Magnetic Resonance Imaging (MRI) of the fetal brain has become a key tool for studying brain development in vivo. Yet, its assessment remains challenging due to variability in brain maturation, imaging protocols, and uncertain estimates of Gestational Age (GA). To overcome these, brain atlases provide a standardized reference framework that facilitates objective evaluation and comparison across subjects by aligning the atlas and subjects in a common coordinate system. In this work, we introduce a novel deep-learning framework for generating continuous, age-specific fetal brain atlases for real-time fetal brain tissue segmentation. The framework combines a direct registration model with a conditional discriminator. Trained on a curated dataset of 219 neurotypical fetal MRIs spanning from 21 to 37 weeks of gestation. The method achieves high registration accuracy, captures dynamic anatomical changes with sharp structural detail, and robust segmentation performance with an average Dice Similarity Coefficient (DSC) of 86.3% across six brain tissues. Furthermore, volumetric analysis of the generated atlases reveals detailed neurotypical growth trajectories, providing valuable insights into the maturation of the fetal brain. This approach enables individualized developmental assessment with minimal pre-processing and real-time performance, supporting both research and clinical applications. The model code is available at https://github.com/cirmuw/fetal-brain-atlas

Paper Structure

This paper contains 9 sections, 2 equations, 5 figures, 2 tables.

Figures (5)

  • Figure 1: The model architecture of the proposed conditional atlas learning network incorporates two networks: 1.) The template generation framework, including age-appropriate structural representation and its associated anatomical labels. 2.) The U-net-based registration framework with the additional projection discriminator.
  • Figure 2: a) The histogram illustrates the heterogeneous age distribution of the neurotypical dataset divided in 1.5 and 3 Tesla acquisitions. b) Exemplary SVR samples across different GA.
  • Figure 3: a) Axial slices of the generated templates from the baseline approaches and our best-performing model. b) Visualization of the generated template (Atlas), test subject (Fix), warped atlas (Warp), and associated segmentation maps for a brain at 35 GW. The red box highlights a region with pronounced individual cortical folding.
  • Figure 4: a) Neurodevelopmental trajectory of ventricles volume for training dataset (solid line), generated atlas (squares), test labels (triangle), and predictions (circle). b) Radar plot illustrating segmentation performance across different GWs.
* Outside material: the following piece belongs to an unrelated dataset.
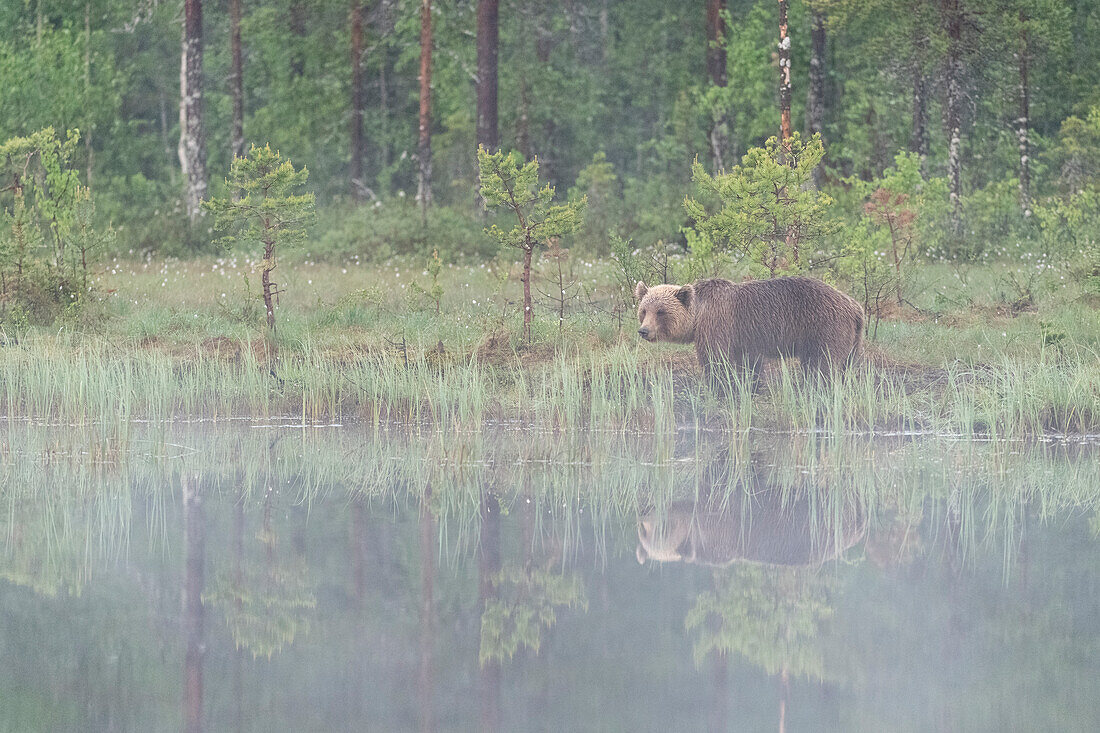 Eurasian brown bear (Ursus arctos arctos) beside lake in morning mist, Finland, Europe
Each axis represents an anatomical label and the distance indicates the DSC.
  • Figure S1: Volumetric trajectories of eCSF, cGM, total WM, brainstem, and deep GM, (from top left to bottom right) from 21 to 37 GW. The trajectory of the training data, including its standard deviation, is modeled using a polynomial fit. The brain region-specific volumes are shown for the test labels ($\bigtriangleup$) and the predicted values ($\bigcirc$).